* WHAT NEEDS TO BE DONE *
Please restate each entry that appears below word for word, without its pictures.

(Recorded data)
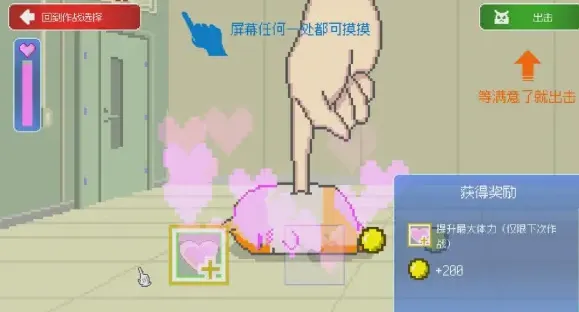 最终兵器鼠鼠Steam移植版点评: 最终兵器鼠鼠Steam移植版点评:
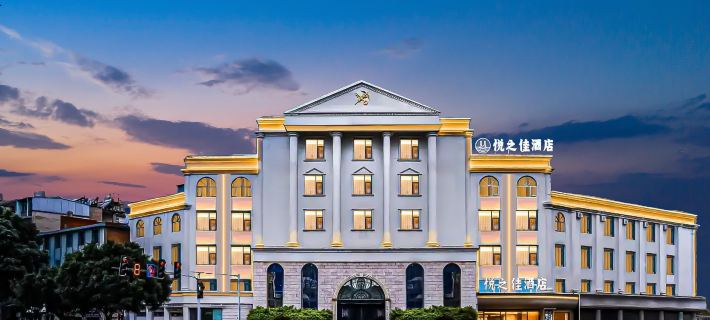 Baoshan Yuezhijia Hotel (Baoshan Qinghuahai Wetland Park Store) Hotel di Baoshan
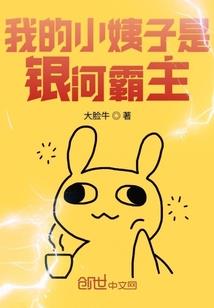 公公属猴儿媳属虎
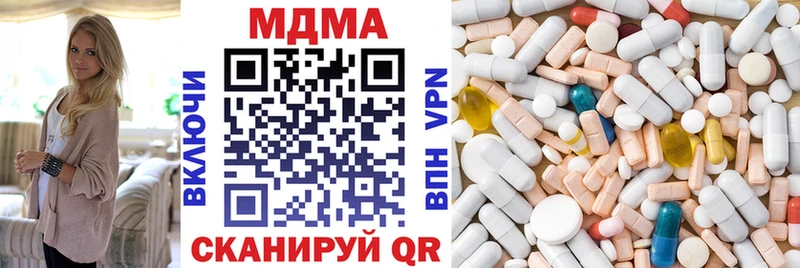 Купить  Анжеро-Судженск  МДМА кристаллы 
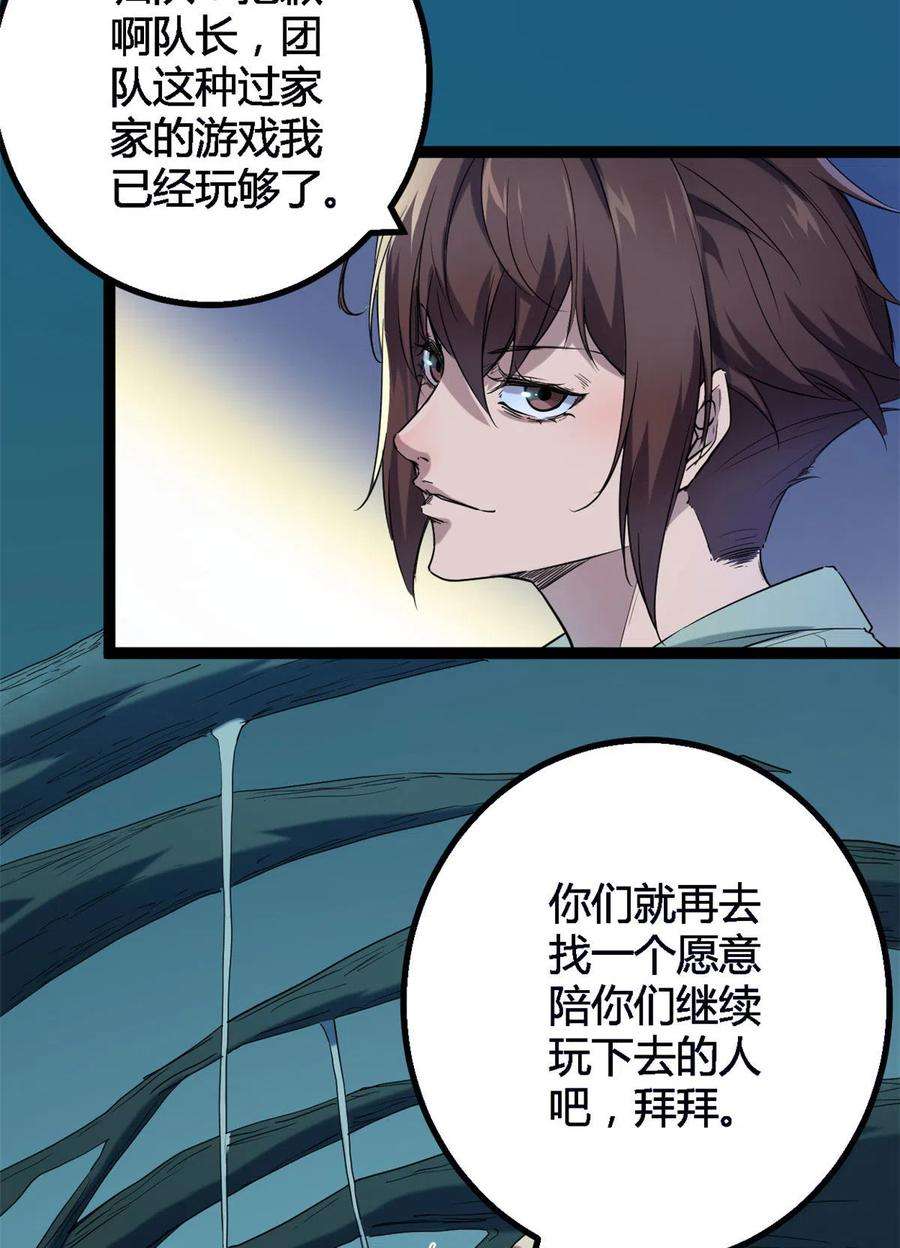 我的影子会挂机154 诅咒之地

* WORKED SOLUTION *
 最终兵器鼠鼠Steam移植版点评: 最终兵器鼠鼠Steam移植版点评:
 Baoshan Yuezhijia Hotel (Baoshan Qinghuahai Wetland Park Store) Hotel di Baoshan
 公公属猴儿媳属虎
 Купить  Анжеро-Судженск  МДМА кристаллы 
 我的影子会挂机154 诅咒之地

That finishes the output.